Deposits amounted to $808.8 million as of June 30, 2015, compared to $811.5 million at June 30, 2014. Core deposits, which include noninterest-bearing demand deposits, NOW, MMDA, savings and non-brokered certificates of deposit of denominations less than $250,000, increased $16.5 million to $768.3 million at June 30, 2015, as compared to $751.8 million at June 30, 2014. Certificates of deposit in amounts of $250,000 or more totaled $33.3 million at June 30, 2015, as compared to $48.7 million at June 30, 2014. The decrease in certificates of deposit in amounts of $250,000 or more is attributable to a $3.7 million decrease in wholesale certificates of deposit combined with a decrease in retail certificates of deposit which was expected as part of the Bank's pricing strategy to allow maturing high cost certificates of deposit to roll-off.

Securities sold under agreements to repurchase were $48.3 million at June 30, 2015, as compared to $46.8 million at June 30, 2014. 

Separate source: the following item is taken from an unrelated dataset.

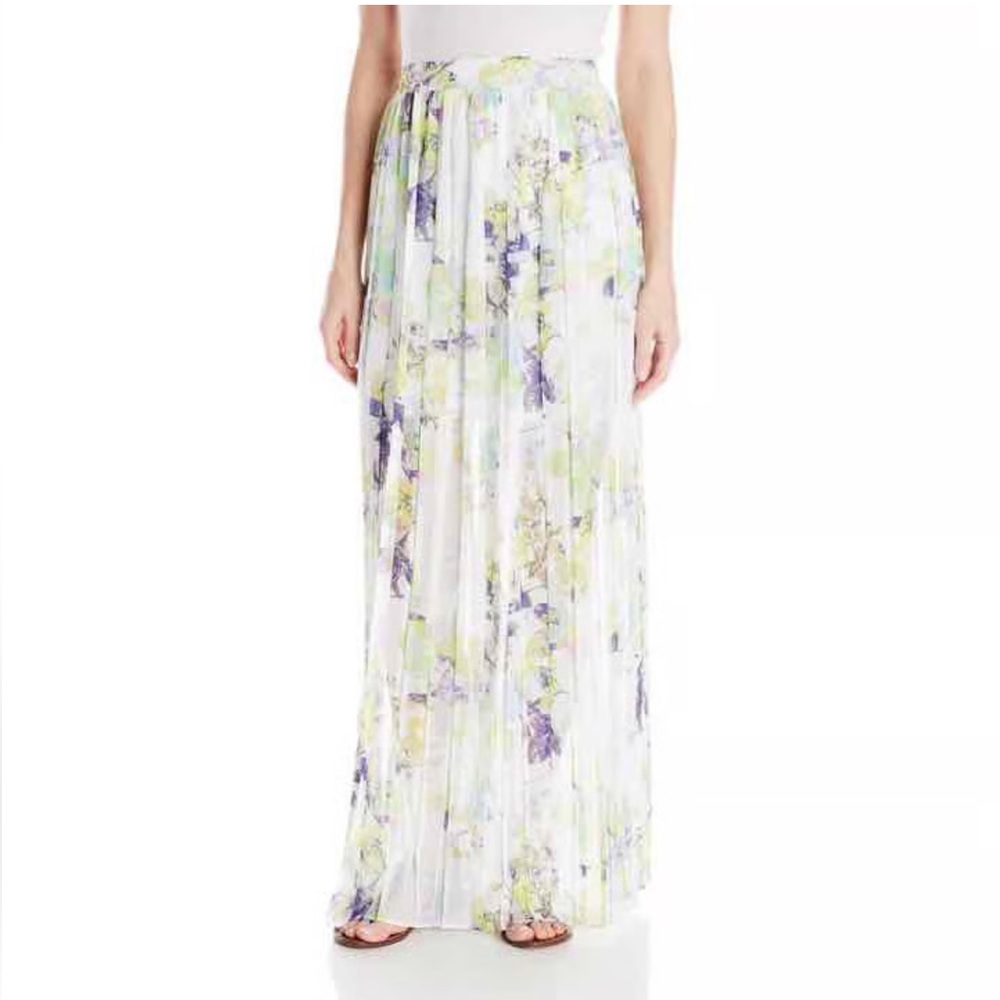 BCBGeneration White and Green Maxi A-Line Skirt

Shareholders' equity was $100.4 million, or 9.7% of total assets, as of June 30, 2015, compared to $93.0 million, or 8.9% of total assets, as of June 30, 2014. This increase is primarily due to an increase in retained earnings and an increase in accumulated other comprehensive income resulting from an increase in the unrealized gain on investment securities, which were partially offset by a decrease in common stock due to 67,213 shares of common stock repurchased as of June 30, 2015 under the Company's stock repurchase program implemented in September 2014.

On April 2, 2013, the Bank received notice that a lawsuit was filed against it in the General Court of Justice, Superior Court Division, Lincoln County, North Carolina. The complaint alleged (i) breach of contract and the covenants of good faith and fair dealing by the Bank, (ii) conversion, (iii) unjust enrichment and (iv) violations of the North Carolina Unfair and Deceptive Trade Practices Act in its assessment and collection of overdraft fees. It seeks the refund of overdraft fees, treble damages, attorneys' fees and injunctive relief. The Plaintiff sought to have the lawsuit certified as a class action. On June 10, 2015, the North Carolina Business Court granted summary judgment in favor of the Bank on all claims and ordered the case dismissed with prejudice. The Plaintiff has filed a notice of appeal to the North Carolina Court of Appeals. The Bank continues to believe that the allegations in the complaint are without merit and intends to vigorously defend the lawsuit on appeal.  

Peoples Bank operates 21 banking offices entirely in North Carolina, with offices in Catawba, Alexander, Lincoln, Mecklenburg, Union, Iredell and Wake Counties. The Bank also operates loan production offices in Lincoln and Durham Counties. The Company's common stock is publicly traded and is quoted on the Nasdaq Global Market under the symbol "PEBK."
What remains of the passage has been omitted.